The abnormal findings published in this study may have resulted from inadvertent errors in the analysis of the sugar content. For example, key factors in analyzing sugars were either overlooked or were not mentioned in the study. For sucrose sweetened beverages, this would include aspects of sucrose inversion. For high fructose corn syrup sweetened beverages, it would include the presence of higher sugars (which were left out of the analysis or could have been erroneously added to the fructose content). Moreover, the authors did not specify which analytical method they used and how the samples were prepared, which could also compromise the findings from this study.

Additional facts to be considered:

  • A very limited number of samples were analyzed (for example, one analysis done on one sample from a 14 ounce soft drink.)
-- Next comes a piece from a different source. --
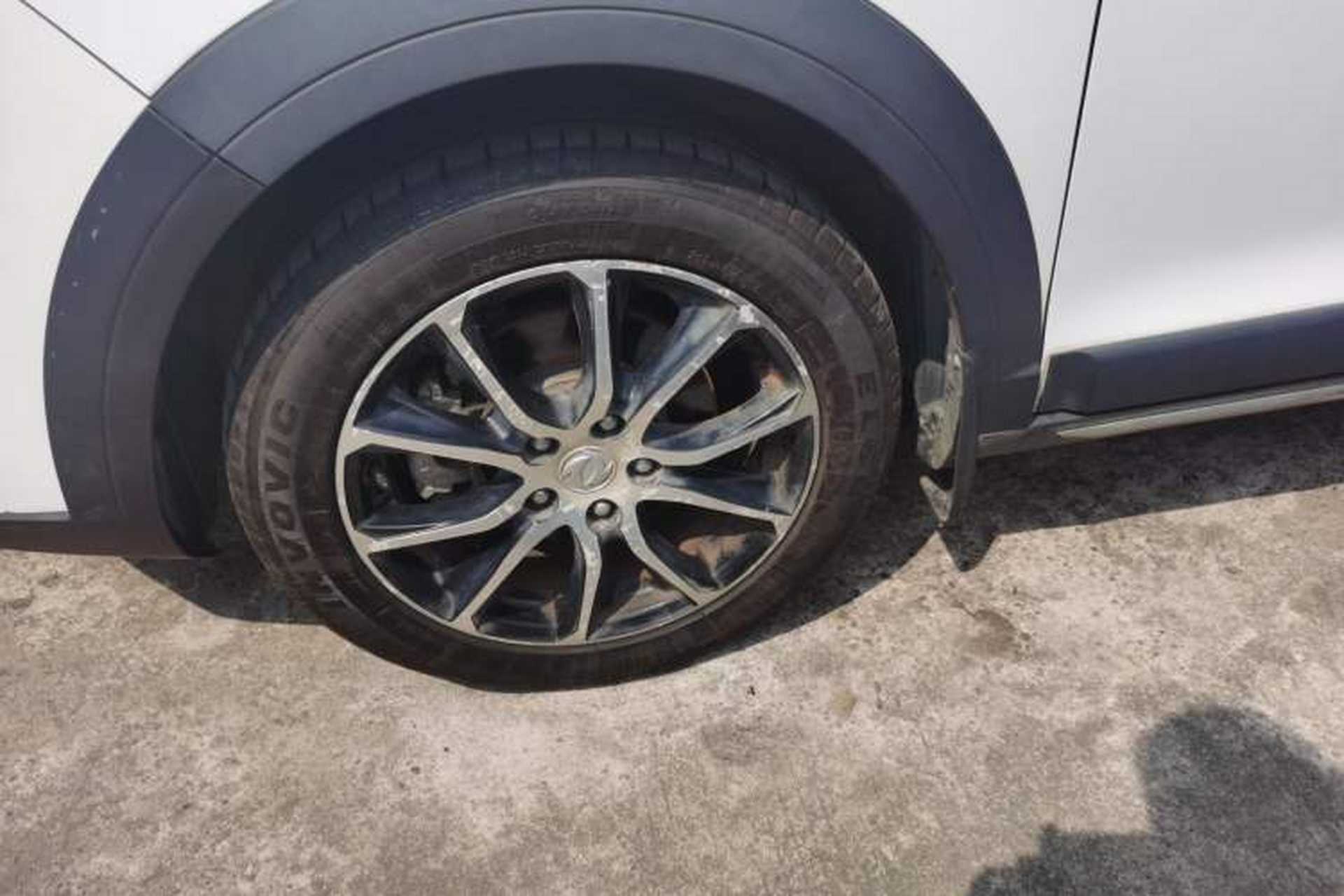 Used FORTHING SX6 2019 1.6L Manual Luxury Model China VI Standard Left Front Wheel Hub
  • The lab used for this study may not be familiar with the process of analyzing sugars and carbohydrates.
  • The researchers do not specify which analytical method was used.
  • The amount of maltose found in the beverages was not used in the final calculations, suggesting that the researchers erroneously attributed the higher sugar count to fructose levels.
  • The researchers did not stipulate how the samples were prepared or how the solids were measured, both of which could have compromised the results.
  • The researchers appear to not understand sucrose inversion, and therefore may well have mis-attributed its effects and miscalculated fructose and glucose levels.
  • Fountain dispensers have canisters of syrup concentrate. The concentrate is blended with carbonated water. If the blend rate is not set properly, the level of syrup and accordingly of fructose could be increased.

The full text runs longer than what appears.